When I TAed a Pascal/Assembly Language class in 1975 we wrote a program to create a signature of a program by tracking where variables were declared and used. We had found that copiers would basically change variable names, but nothing else. (They were smart enough to change comments.) We found a few. This was pre Web, lucky for us.

We use Turnitin at the school I teach at.

I teach students who are just learning to research and provide citations, so a lot of what I use it for, at least in my Junior High classes, is to see what portions of their papers have been quoted or paraphrased, and see whether they have been properly cited. Then there’s the issue of how much original writing the student actually did beyond clear quotes and minimally-altered paraphrases. :rolleyes:

In my high school classes, I’m usually picking off the plagiarizers. They know what they’ve done and can’t believe they haven’t got away with it. I do Turnitin demos for them, and I’d say well over half turn to plagiarism on first instinct.

The literature is littered with surveys showing that a lot of college students today don’t see their coursework as something that builds their academic skills, but as just another obstacle in their path to the “A” they deserve just by being themselves. Their eithics don’t prohibit them from plagiarizing, because they’re just supposed to turn in an A-level paper, right? Does it matter how they get it?

Even when caught plagiarizing, my budding college-students-to-be are often extremely unclear on the concept as to what, if anything, they’ve done wrong, other than get caught at something that got them into trouble. Sad.

What’s nice about Turnitin over Google is that it uploads the entire document, as opposed to having to copy and paste portions in the hopes that you picked a plagiarized passage.

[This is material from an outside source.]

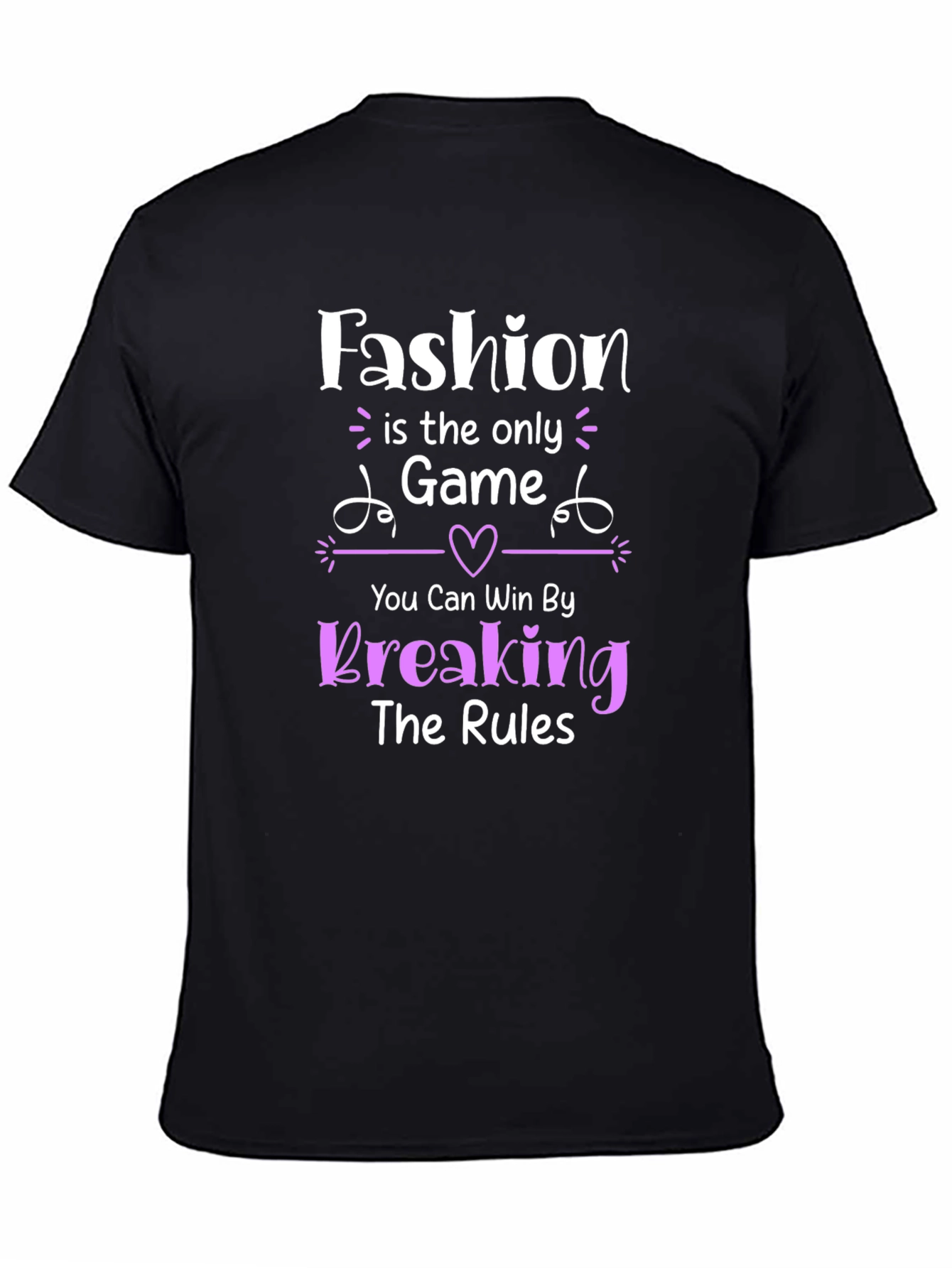 Fashion Game T-Shirt: Break the Rules & Win!
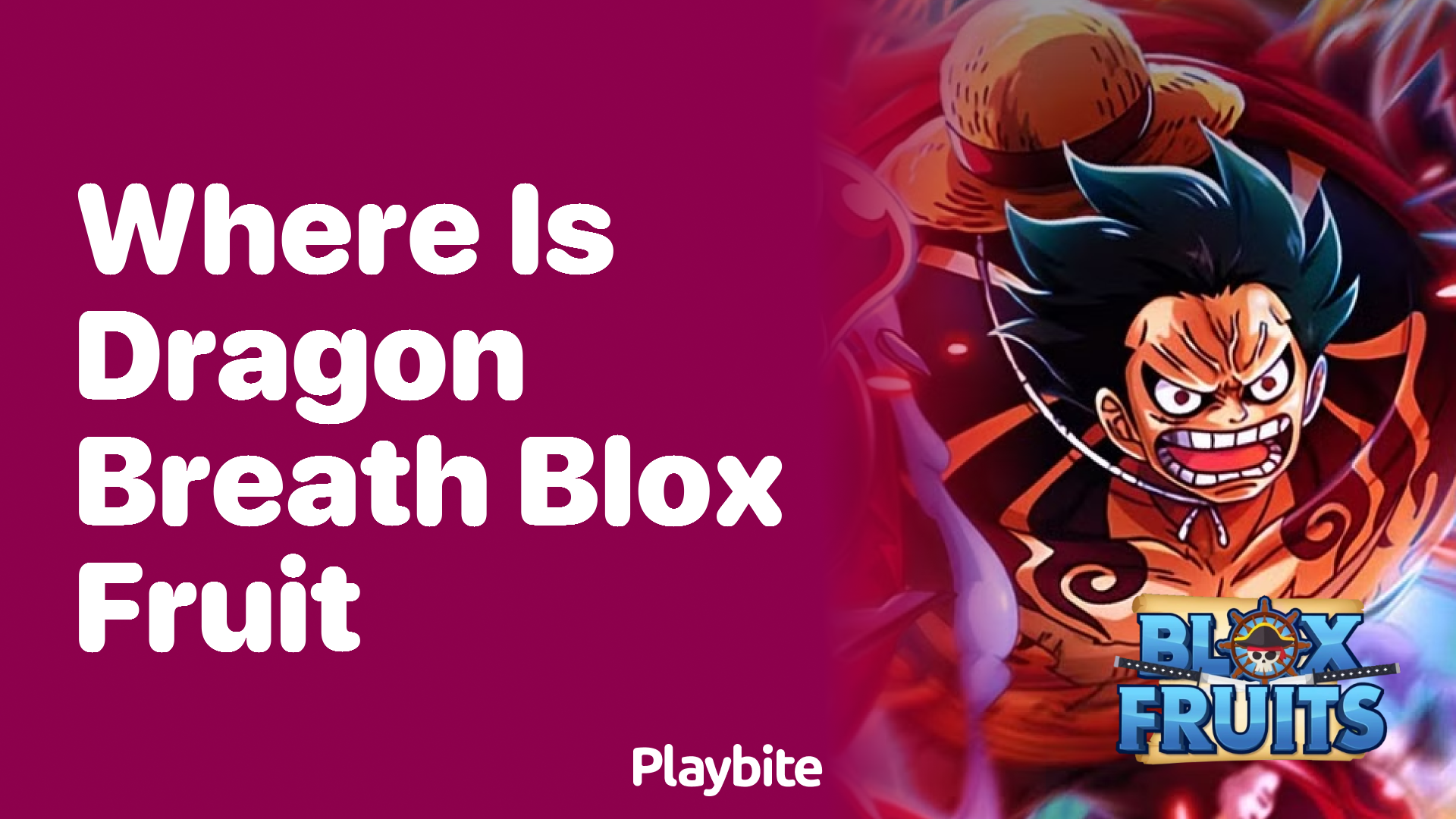 Where is Dragon Breath Blox Fruit Found?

Their database includes billions of URLs, particularly page mills, but even more importantly, it contains every single paper ever turned into them. So if there’s some new paper mill that’s not on anyone’s radar, or a newer book that you may not have read so that you don’t recognize passages, if 75% your student’s paper matches something submitted to a college 5 states away, you know something’s up.

Good memory. I mentioned this one in the same thread as the post by Monstre that you linked to. That was a great thread.

Voyager, most of the students were smart enough to change the comments and the variable names. This particular student changed the comments at the very beginning, but left everything else alone. I had one student dumb enough to leave a copyright notice in some code he swiped!

I want to also stress the “stupidity” aspect of the majority of cheaters. If they had any brains and weren’t lazy*, they’d do the actual work. Thus they cheat so very, very badly that it really is easy to catch them.

*Actually, I’ve got a lot of students over the years who spent more time avoiding doing it right than doing it right. But that’s usually not cheating. Just idiocy.

Keep in mind that known plagurisers are a self-selecting sample. You never catch the clever plagurisers so obviously the caught plagurisers are stupid.

I have a friend who has a copy of a cosmology report he did in High School on his website. He gets about 5 or 6 hits a year from people googling key phrases from .edu domains, obviously looking out for plagurisers. It seems that it’s quite popular.